Involved residents. Places to hang out. Safety and security.
Those are among the characteristics of towns that thrive and have established an enduring presence, according to a researcher who has studied what makes some small communities flourish.
Dave Ivan is scheduled to present his findings to Carroll County's municipal leaders tonight, posing the question: Can small towns be cool?
The answer, Ivan says, is yes.
Local officials hope the researcher's insights could serve Carroll, home to eight municipalities with similar challenges and goals: limited resources, economic development aspirations, and creating a place where residents can live and work.
The prospect of fresh ideas motivated Sykesville Mayor Jonathan Herman, who saw Ivan's presentation at a Maryland Municipal League convention, to suggest hosting a session with local leaders.
"We share many of the same problems," Herman said of small towns. "If somebody has already figured out answers to my problems, I'm quite anxious to hear what they are. ... Surely the towns in Carroll County can employ a couple of their ideas."

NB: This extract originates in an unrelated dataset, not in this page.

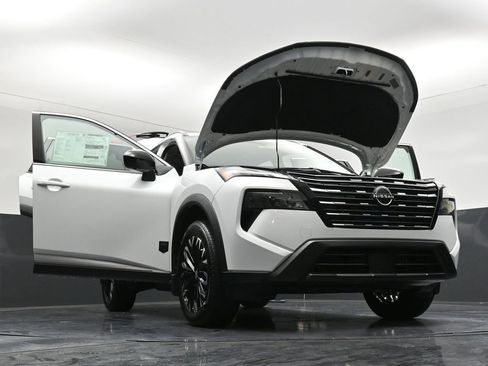New 2026 Nissan Rogue SV AWD/4WD image 35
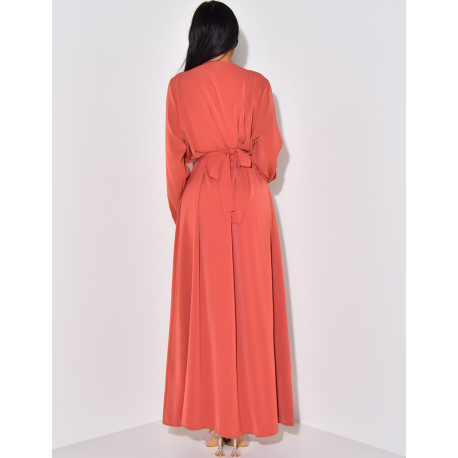 Abaya with tone-on-tone embroidery to be belted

Small communities might not have the amenities of a big city, Ivan said, but they offer other benefits: They can be safer and often boast higher-achieving school systems.
"In the past, small towns were very quick to kind of throw in the towel, [and say] `We're not a Baltimore, we're not a D.C., we're not a Philadelphia,' and they would just hope their kids would come back," said Ivan, a community and economic development specialist who teaches at Michigan State University.
The successful communities he has studied "aren't throwing in the towel," he said. "What they're saying is, `We can compete. ... We recognize who we are, we are what we are, and we're going to make sure we capitalize on that.'"
Ivan recently conducted a two-year study of about 250 communities - with populations of 20,000 or less - in 10 states. That work, along with his earlier research, led to a list of success strategies for small towns.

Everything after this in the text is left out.